--- Required work ---
From the first line to the last, write out the records below exactly as they appear.

--- Supplied records ---
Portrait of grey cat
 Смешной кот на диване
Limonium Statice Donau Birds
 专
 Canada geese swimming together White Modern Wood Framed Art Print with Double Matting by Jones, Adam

--- Result below ---
Portrait of grey cat
 Смешной кот на диване
Limonium Statice Donau Birds
 专
 Canada geese swimming together White Modern Wood Framed Art Print with Double Matting by Jones, Adam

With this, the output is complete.